Could you repeat the entries below exactly, but only from the line with "Load image into" through the line with "Birkenstock Zürich Suede Leather Mink 7", and without any picture?

* [Record extracts]
::::

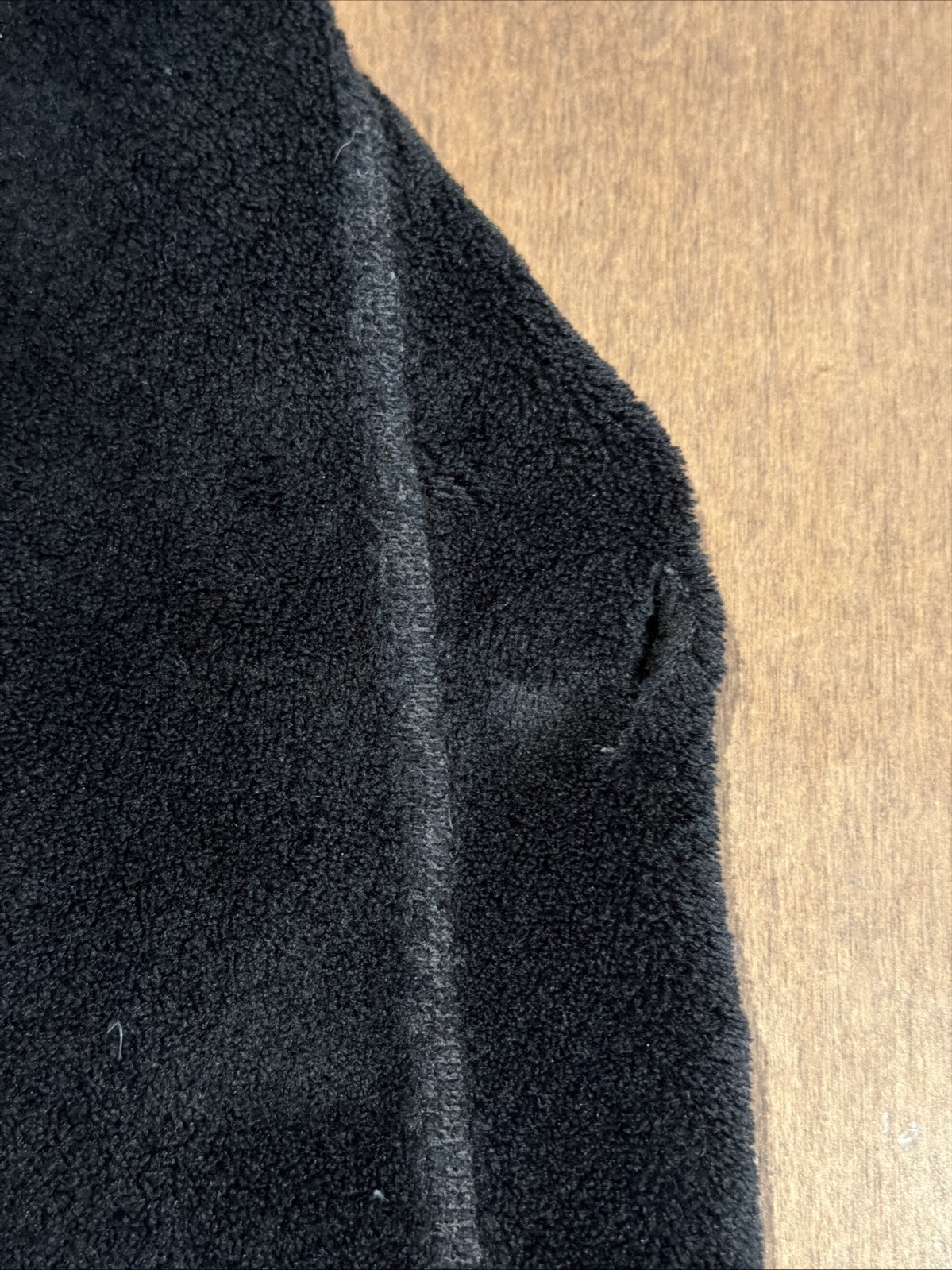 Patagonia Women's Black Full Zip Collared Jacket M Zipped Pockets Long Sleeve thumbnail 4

::::

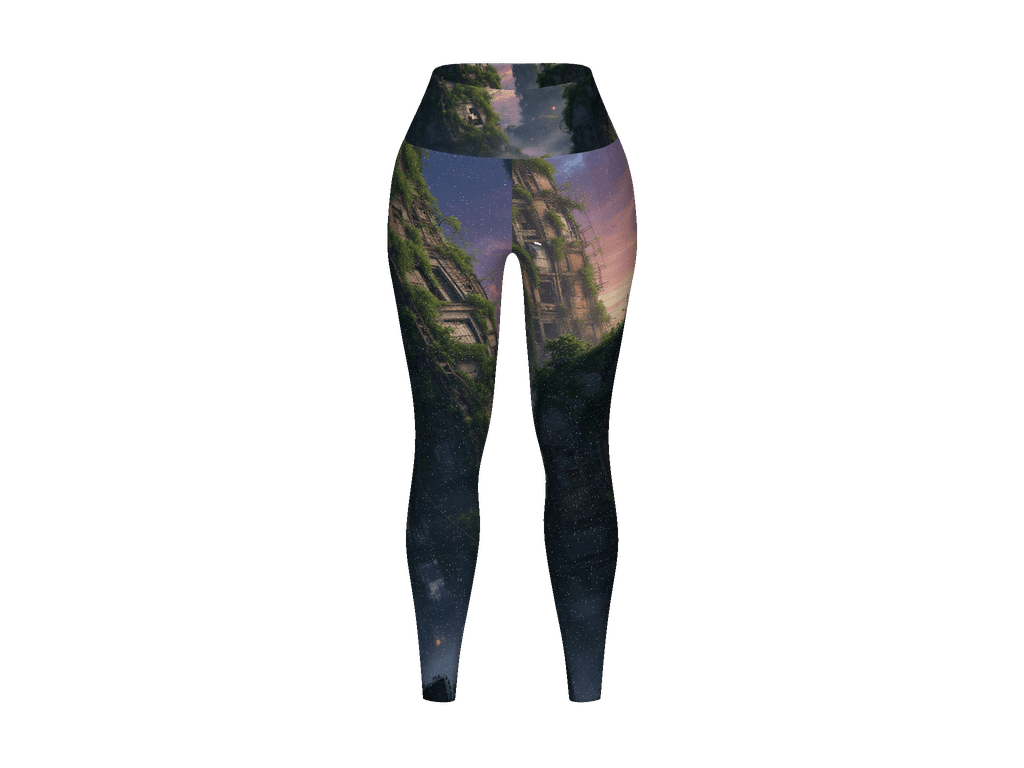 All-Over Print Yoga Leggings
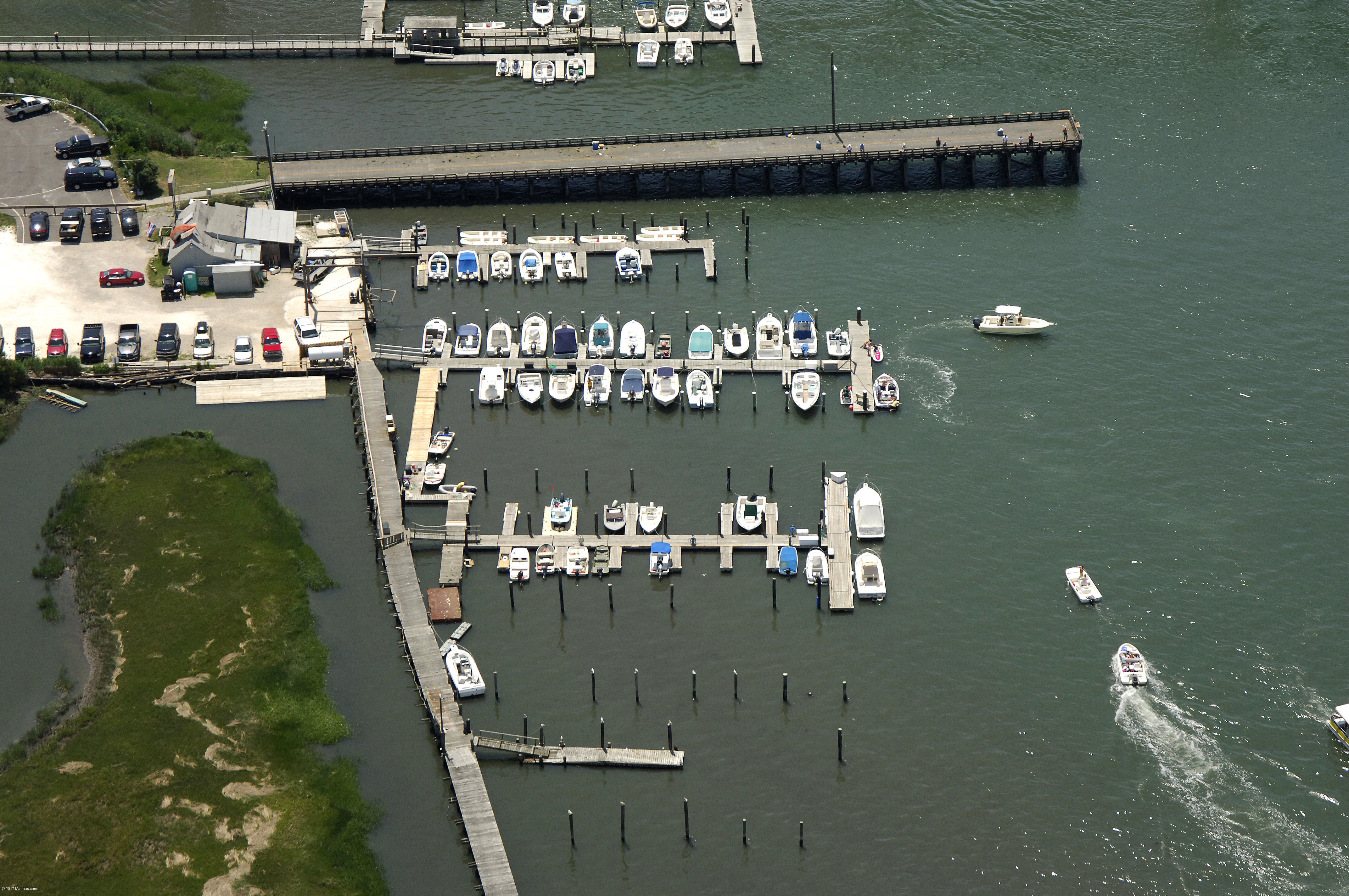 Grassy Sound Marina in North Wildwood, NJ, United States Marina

::::

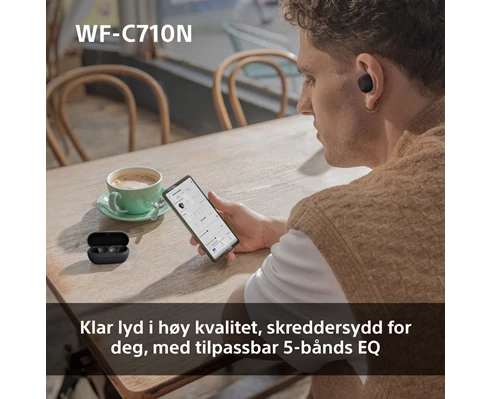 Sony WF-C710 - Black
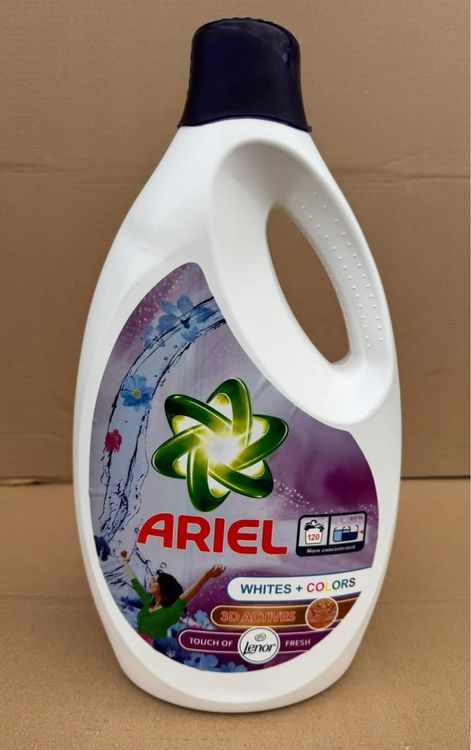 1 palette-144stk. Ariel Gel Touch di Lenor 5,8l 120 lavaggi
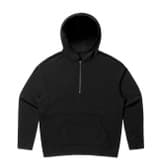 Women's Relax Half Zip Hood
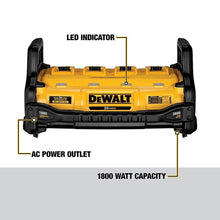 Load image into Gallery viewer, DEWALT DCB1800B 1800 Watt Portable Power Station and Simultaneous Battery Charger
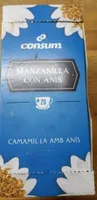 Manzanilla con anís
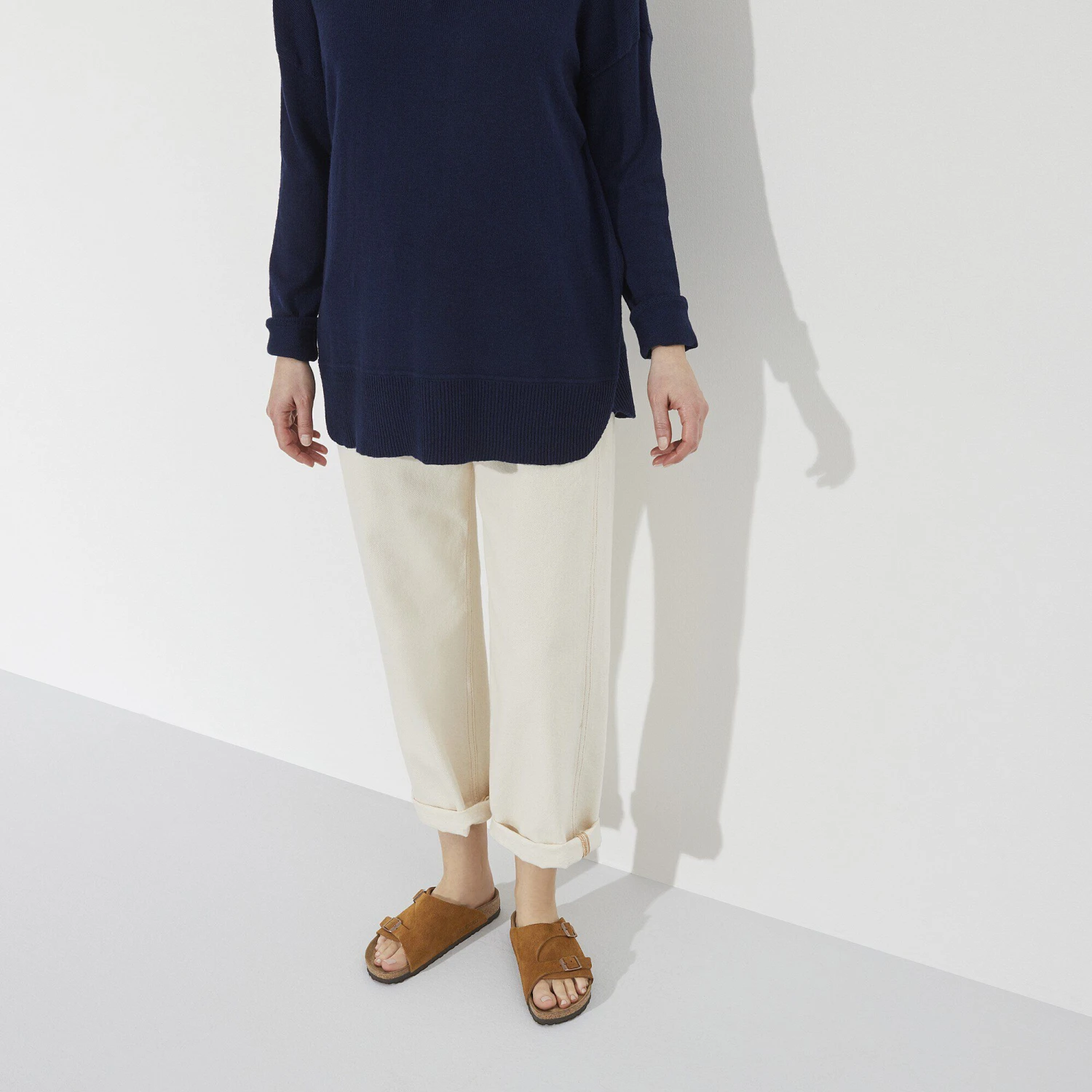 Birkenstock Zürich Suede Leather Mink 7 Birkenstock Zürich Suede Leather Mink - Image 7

::::

* [Expected output]
 Load image into Gallery viewer, DEWALT DCB1800B 1800 Watt Portable Power Station and Simultaneous Battery Charger
 Manzanilla con anís
 Birkenstock Zürich Suede Leather Mink 7 Birkenstock Zürich Suede Leather Mink - Image 7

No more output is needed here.